_Source records_

============================================================

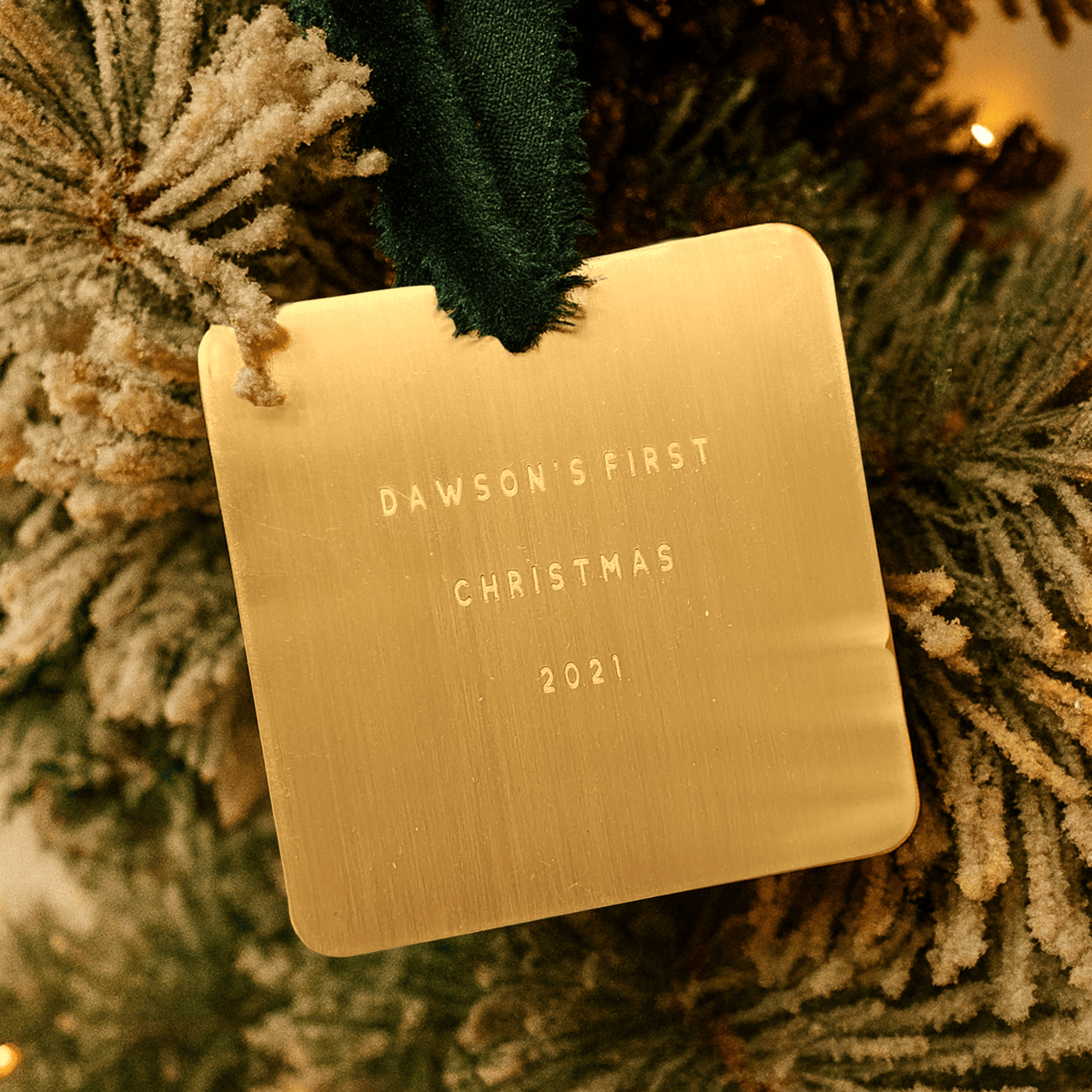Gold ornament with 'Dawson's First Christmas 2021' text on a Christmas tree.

============================================================

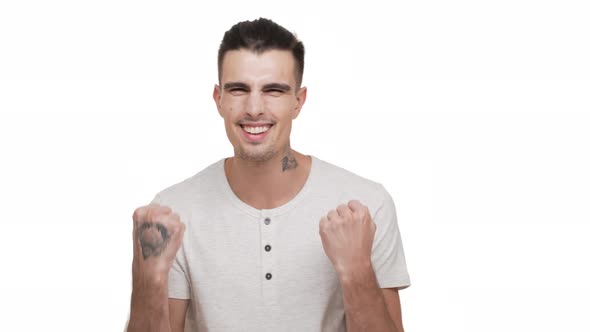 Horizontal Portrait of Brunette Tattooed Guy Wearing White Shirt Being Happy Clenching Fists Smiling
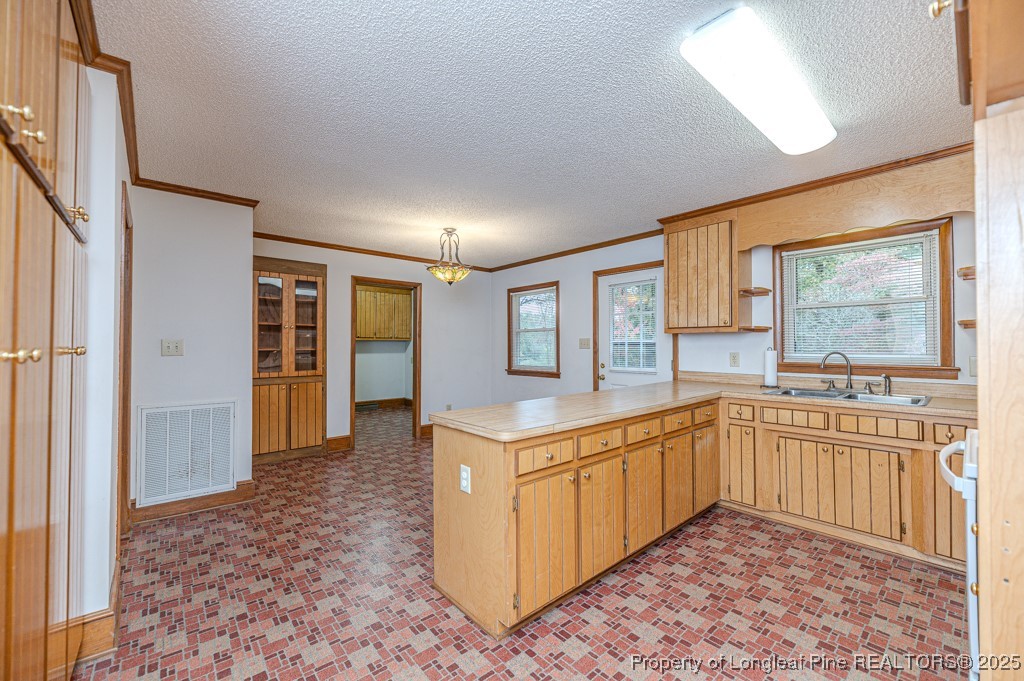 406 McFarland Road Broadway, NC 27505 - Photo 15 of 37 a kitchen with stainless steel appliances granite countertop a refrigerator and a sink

============================================================

_Work order_
Starting at the line with "Horizontal Portrait of" in the entries above, write out every line exactly until the line with "406 McFarland Road" has been written. Include no pictures and nothing more.

_Result of the task_
 Horizontal Portrait of Brunette Tattooed Guy Wearing White Shirt Being Happy Clenching Fists Smiling
 406 McFarland Road Broadway, NC 27505 - Photo 15 of 37 a kitchen with stainless steel appliances granite countertop a refrigerator and a sink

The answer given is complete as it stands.